Capital investment continues to flow generously into Central European banks and industrial concerns, particularly those in the new European Union members and in prospective ones, such as Romania, Bulgaria and Croatia. In fact, recent data published in both an Ernest & Young survey and The Banker magazine show that these countries are at the receiving end of the largest volume of investment in Europe. This trend is supported both by the foreseen increase in their economic growth rates and incomes, and their absorption of sizable EU funds after 2006. Development in these markets will continue, according to the magazine, as more and more countries join the EU. In June, Bulgaria confirmed its entry date for January 1, 2007, when Romania is also hoping to join – which should be confirmed by the year’s end.

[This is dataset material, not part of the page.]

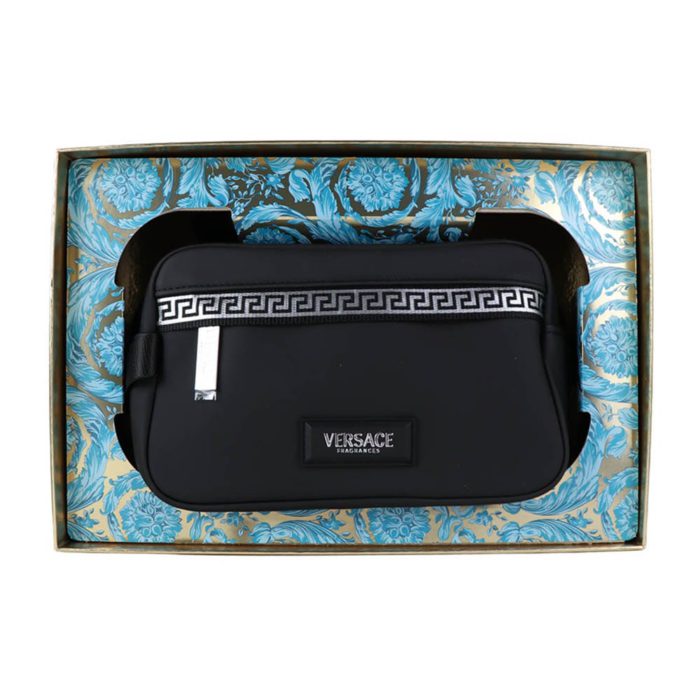 Open Versace Eros Gift Set displaying black toiletry bag against decorative box interior.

Croatia gained candidate status in June and the main accession process will begin next year. The sharp rise in equity capital and assets recorded in 2003 continues this year for the top 100 Central and Eastern European banks, says The Banker. The total equity capital of the region’s banks grew by 21 percent, reaching $29.5 billion. These banks’ total assets rose by 22 percent, climbing to $365 billion. Total pretax profits also increased by no less than 31 percent, standing at $5.3 billion. Very lively growth indeed. Significantly, all countries in question (even Bosnia-Herzegovina) are represented in the list of the 100 biggest banks. Polish banks have a leading role, as 19 of them are on this list, representing 31 percent of total equity capital and 30 percent of total assets. Hungary follows with 14 banks in the list, with the Czech Republic and Slovenia next, boasting 10 each. Romania has eight and Bulgaria seven. In these two countries likely to enter the EU in two years’ time, Greek banks have made a considerable investment, led by National Bank of Greece and EFG Eurobank Ergasias, followed by Alpha Bank and Piraeus. They have bought out established local banks as well as expanding their network autonomously. They have also invested in smaller Balkan markets, such as Albania and the Former Yugoslav Republic of Macedonia. These investments are considered to have significant prospects after the first five years.